How much gravity is enough? Team studies how astronauts determine 'up' in space
Keeping upright in a low-gravity environment is not easy, and NASA documents abound with examples of astronauts falling on the lunar surface. Now, a new study by an international team of researchers led by York University professors Laurence Harris and Michael Jenkin, published today in PLOS ONE, suggests that the reason for all these moon mishaps might be because its gravity isn't sufficient to provide astronauts with unambiguous information on which way is "up".
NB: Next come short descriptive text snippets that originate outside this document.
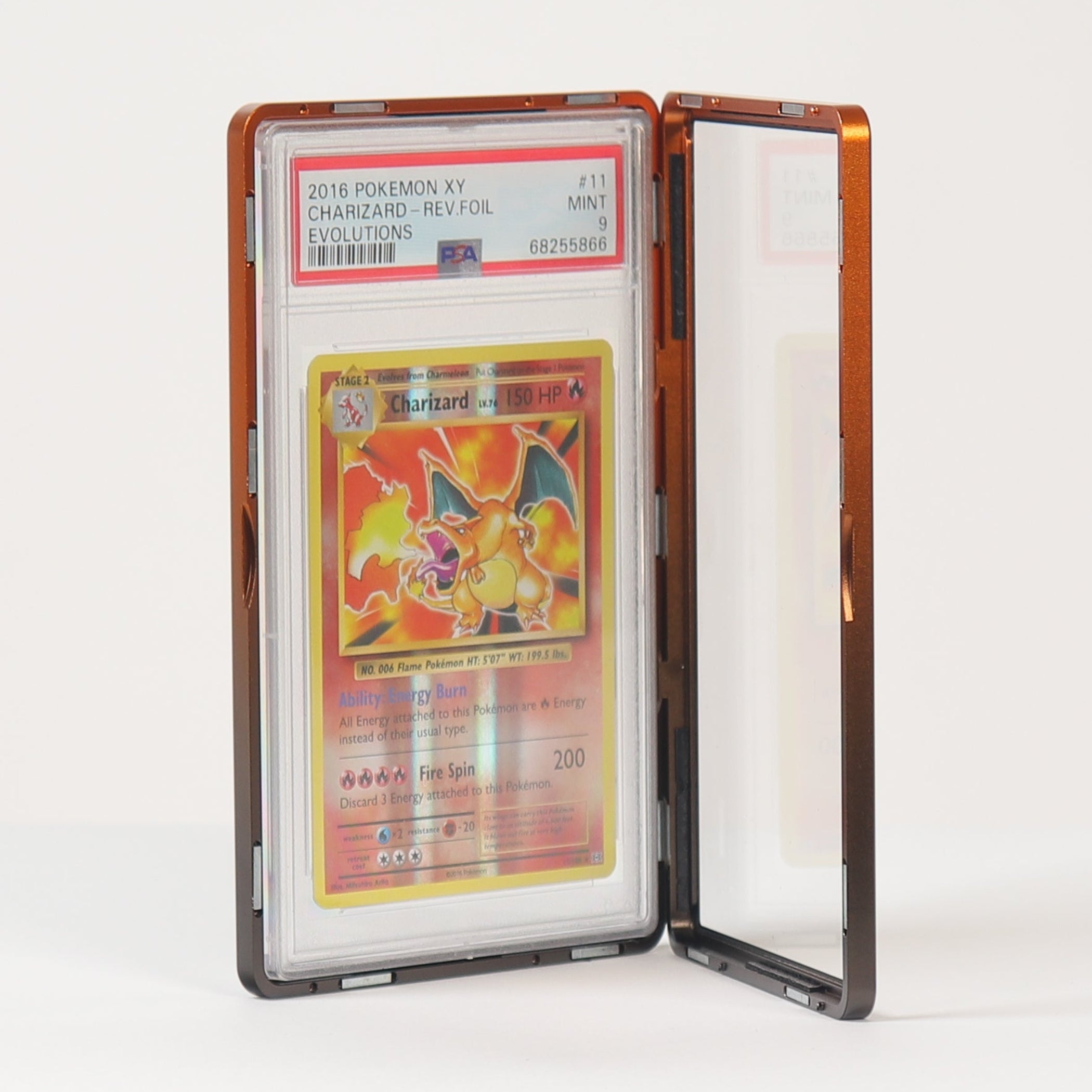 A graded collectible card in a clear aluminium grading case, standing open on a white surface against a white background.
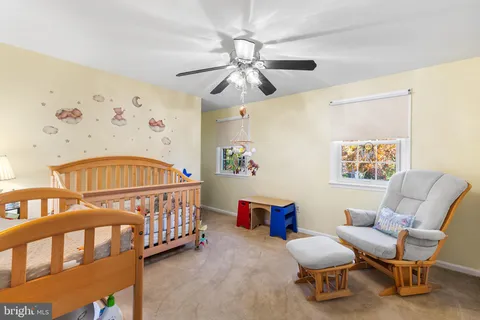 a bedroom with furniture and a chandelier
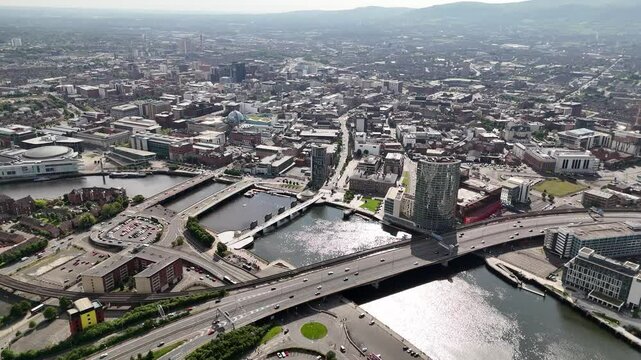 Drone footage of Belfast's bustling city center in Northern Ireland, UK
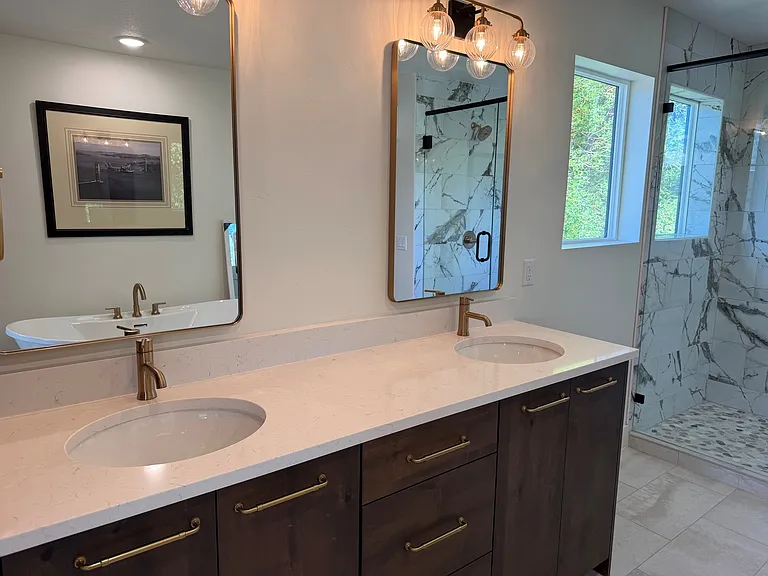 Large master bathroom with walk-in shower, double vanity, and beautiful soaking tub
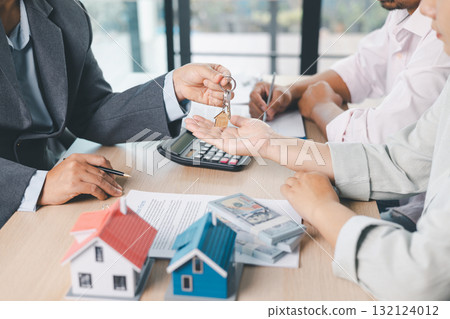 Close up of real estate agent handing house key to client with contract paperwork, calculator and house models on desk, concept of home ownership, mortgage loan, property investment and success. Close up of real estate agent handing house key to client with contract paperwork, calculator and house models on desk, concept of home ownership, mortgage loan, property investment and success. 132124012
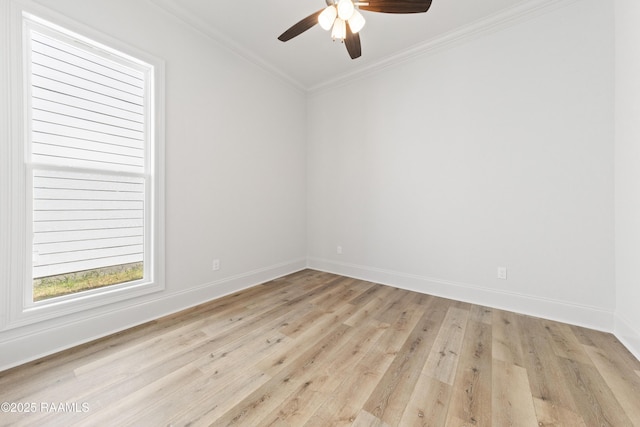 empty room with light wood-style flooring, a ceiling fan, baseboards, and ornamental molding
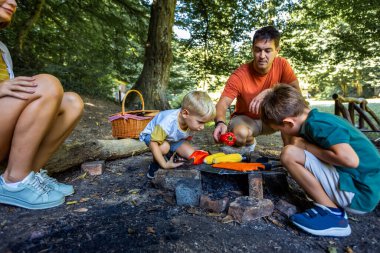Dört kişilik bir aile ormanda öğle yemeği molası veriyor. Oğullar babalarına et ve sebze ızgarasında yardım ediyorlar..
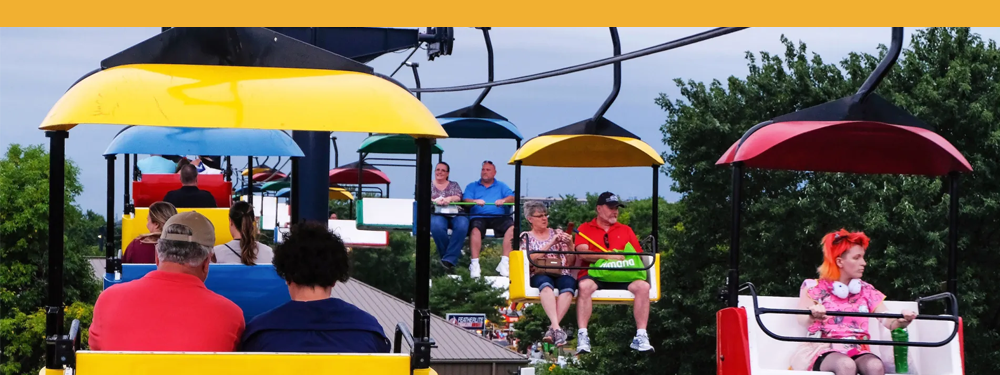 POV from someone on the SkyGlider – visual of people riding both directions in yellow, red, and blue cars. green trees are at riders' eye level.
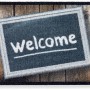Fußmatte Astra Deco Brush mit Welcome Schild, 50x70 cm, für den Eingangsbereich.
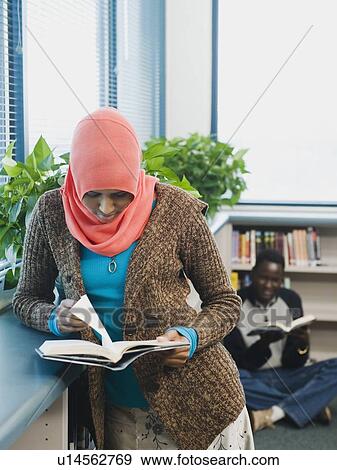 Stock Photo - Adults students learning English as a second language. Fotosearch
"The perception of the relative orientation of oneself and the world is important not only to balance, but also for many other aspects of perception including recognizing faces and objects and predicting how objects are going to behave when dropped or thrown," says Harris. "Misinterpreting which way is up can lead to perceptual errors and threaten balance if a person uses an incorrect reference point to stabilize themselves."
Using a short-arm centrifuge provided by the European Space Agency, the international team simulated gravitational fields of different strengths, and used a York-invented perceptual test to measure the effectiveness of gravity in determining the perception of up. The team found that the threshold level of gravity needed to just influence a person's orientation judgment was about 15 per cent of the level found on Earth – very close to that on the moon.
The team also found that Martian gravity, at 38 per cent of that on Earth, should be sufficient for astronauts to orient themselves and maintain balance on any future manned missions to Mars.
"If the brain does not sense enough gravity to determine which way is up, astronauts may get disoriented, which can lead to errors like flipping switches the wrong way or moving the wrong way in an emergency," says Jenkin. "Therefore, it's crucial to understand how the direction of up is established and to establish the relative contribution of gravity to this direction before journeying to environments with gravity levels different to that of Earth."
This work builds upon results obtained in long-duration microgravity by Harris and Jenkin and other members of York's Centre for Vision Research on board the International Space Station during the Bodies in the Space Environment project, funded by the Canadian Space Agency.